[[ Supplied data open ]]

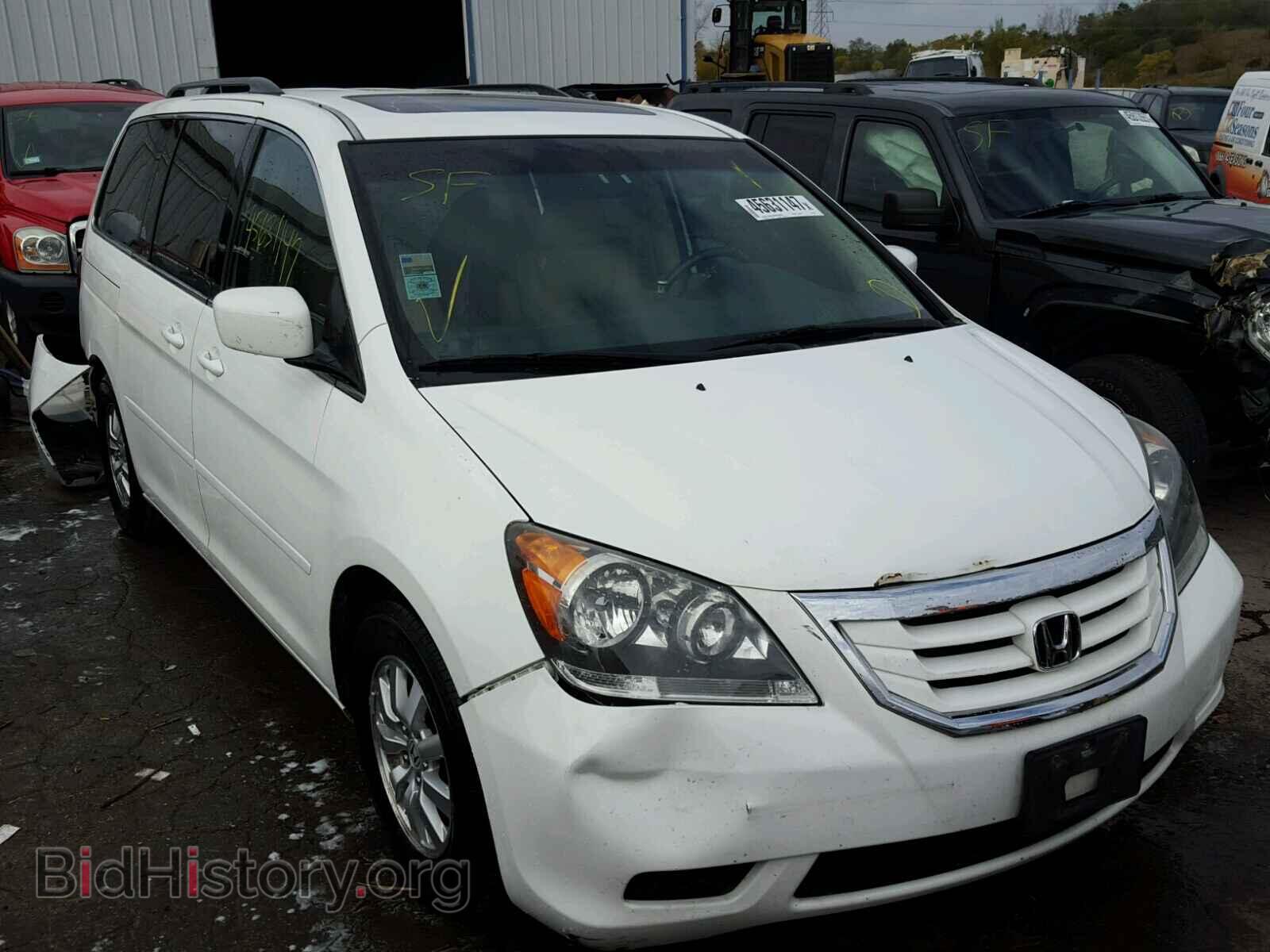 Photo 5FNRL3H74AB037332 - HONDA ODYSSEY 2010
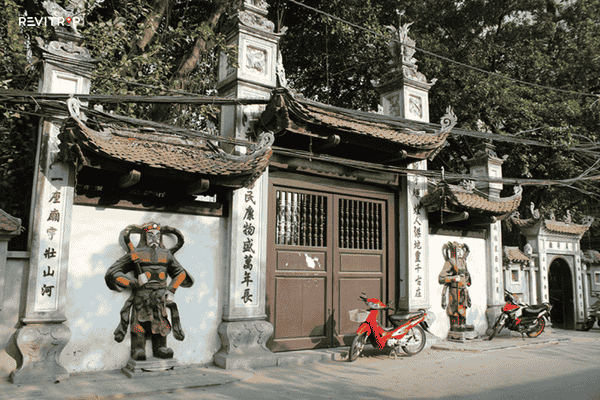 Hanoi Temples: Ha Pagoda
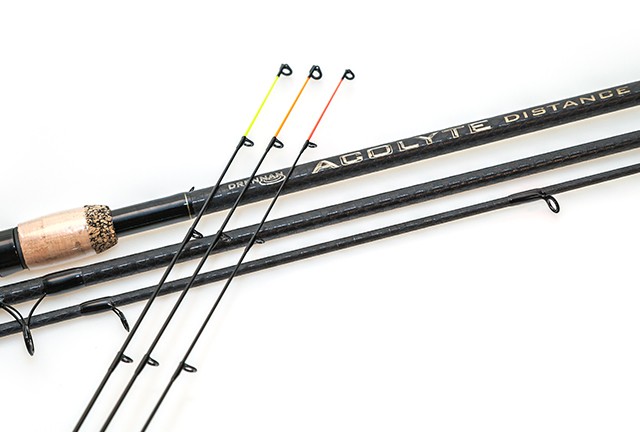 Drennan Acolyte Distance Feeder Rod - 13' Black
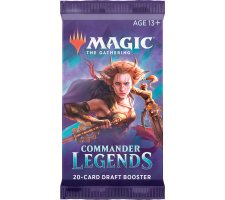 Draft Booster Commander Legends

[[ Supplied data closed ]]

* Task details *
Every line from the one holding "Drennan Acolyte Distance" to the last line of the listing above, inclusive, must appear exactly as written, and no picture may appear.

* Written solution *
 Drennan Acolyte Distance Feeder Rod - 13' Black
 Draft Booster Commander Legends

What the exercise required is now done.